From left to right: Mr. Ken Neo, Director of Research; Dr. Cheong Wei Yang, Vice Provost of Strategic Research Partnerships;
Orlando Woods, Professor of Geography; Sayd Randle, Assistant Professor of Urban Studies; Jason Grant Allen, Associate Professor of Law
Human interactions are key to understanding and managing an increasingly urban planet, say panellists at Global Young Scientists Summit site visit to SMU.
By Alvin Lee
SMU Office of Research – It is an oft-cited World Bank figure: 56 percent of the world’s population, or 4.4 billion people, currently live in urban areas. By 2050, those figures will be closer to 70 percent and nearly nine billion people.
Much attention has been paid to smart cities and how technical aspects such as the Internet of Things (IoT) can help in municipal management, but one should not overlook the ‘softer’ side of urban research.
“It’s important to understand the cultural, religious, and anthropological perspectives of the people within urban areas,” observes Dr. Cheong Wei Yang, SMU Vice Provost of Strategic Partnerships. “How do you understand the infrastructure, not just the hard infrastructure, but also the soft infrastructure, that ultimately shape the effectiveness of what your technology does to the lives of people?”
Dr. Cheong made those points as the moderator of a panel discussion on Urban Research at the Global Young Scientists Summit (GYSS) 2025 site visit to SMU. The panel members were: Orlando Woods, SMU Professor of Geography and Director of the SMU Urban Institute; Sayd Randle, SMU Assistant Professor of Urban Studies and Urban Fellow of the SMU Urban Institute; and Jason Grant Allen, SMU Associate Professor of Law and Director of the Centre for Digital Law.
For Professor Woods, declining populations in the developed world and the corresponding immigration trends formed the basis of a major research interest and project.
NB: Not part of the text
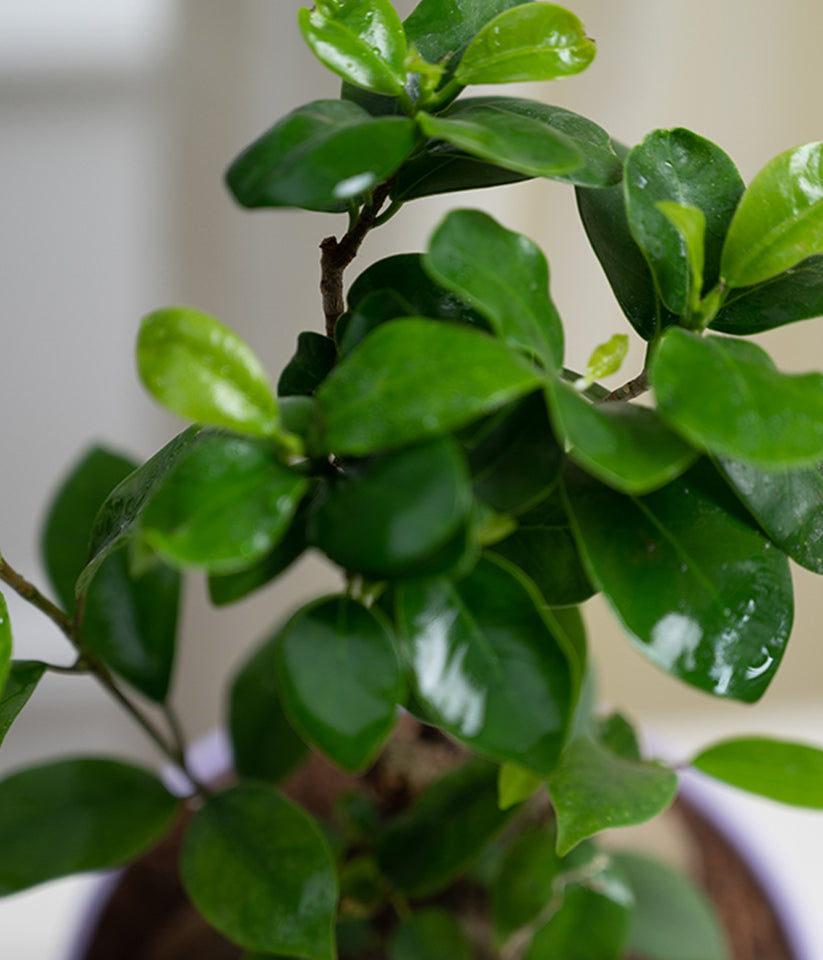Bonsai- ficus microcarpa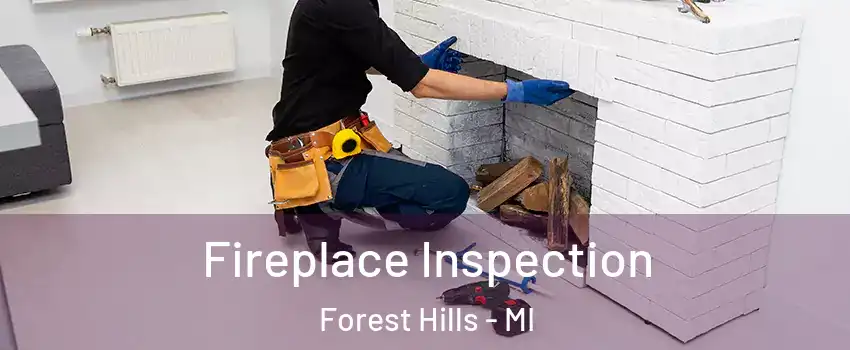  Fireplace Inspection Forest Hills - MI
“In 2011, the government issued a White Paper looking at increasing the number of migrants coming into Singapore to alleviate the problems of the declining population,” he says, referring to A Sustainable Population for a Dynamic Singapore: Population White Paper. “That's a problem that we see in many countries around the world. What is slightly unique to Singapore is the way that the government approaches diversity and the way that it manages multiculturalism, and racial and religious diversity in particular, which is generally very successful.
“What I thought would be a great research project is to actually understand the role of religion in enabling all these migrants coming into Singapore to integrate into Singapore society or not. Outside of formal policy frameworks of things such as the education system and visa regimes, we looked at the role of informal settings like churches, mosques, and temples where migrants encounter Singaporeans and possibly tensions could flourish or cohesion could be built.”
Like Professor Woods, Professor Randle is also a critical social scientist. Describing her research interest as “environmental change and the conflict and politics around that within cities”, Professor Randle’s latest research project is about water and energy storage.
“For cities and climate change, new arrangements of storing water and storing energy are going to become increasingly central to ways cities are able to function,” she says. “I'm launching a new project this summer in Nepal where there's a huge amount of hydropower and battery technology under consideration, to look at how this influx of infrastructures, which are meant to try and smooth out the provision of resources under new conditions of resource stress, are going to be reshaping politics, political economy, and urban metabolism.”
The good, the bad, and the tech
While not entirely obvious at first glance, the ‘softer side’ of urban research also involves technology, and specifically human-technology interaction. Professor Woods describes a project in Jakarta where Grab riders are used to map the city’s side streets that are missed by satellites.
“A lot of mobility in Jakarta is done through little lanes and alleyways that are very difficult to map using satellite technology. So what Grab did was to use their motorbike riders to participate in this mapping initiative, riding around with cameras on their helmets and also to give feedback on the maps to actually improve them. When combined with satellite technology, people can get from point A to point B using actual routes that local inhabitants use.
“Everybody today has some sort of relationship with technology. It might just be through their smartphone, and you might not understand the ins and outs of the algorithms and AI and all that. But everybody has a relationship to it and they will be positioned relative to technology in a particular way.”
The perceived ubiquity of increasingly complex and unexplainable technology has added additional layers to what were previously relatively simple solutions and answers. In response to a question about the difficulty of communicating scientific findings during the Q&A session, Professor Allen dove into the changes wrought by the internet and the resulting democratisation of information.
“For better or worse, we live in a time where expertise is increasingly negatively valorised in certain corners of our society; there's a widespread skepticism about experts and expertise,” he laments. “A large proportion of our societies are consuming information and trusting sources of information that are algorithmically driven, and that may be better serving the advertising revenue-based business model of the platform rather than the traditional values of, for example, a free and professional press.
“We live in a time where expertise is more important than ever, but a lot of people have had enough of experts, and sometimes not entirely without reason. I think that all of us as experts have a very important role to play in the digital transformation and in our own area of expertise. Finding new ways of communicating our expertise to the public is really crucial, and I think it's one of the great benefits to society that a university, as a civil society institution, provides.”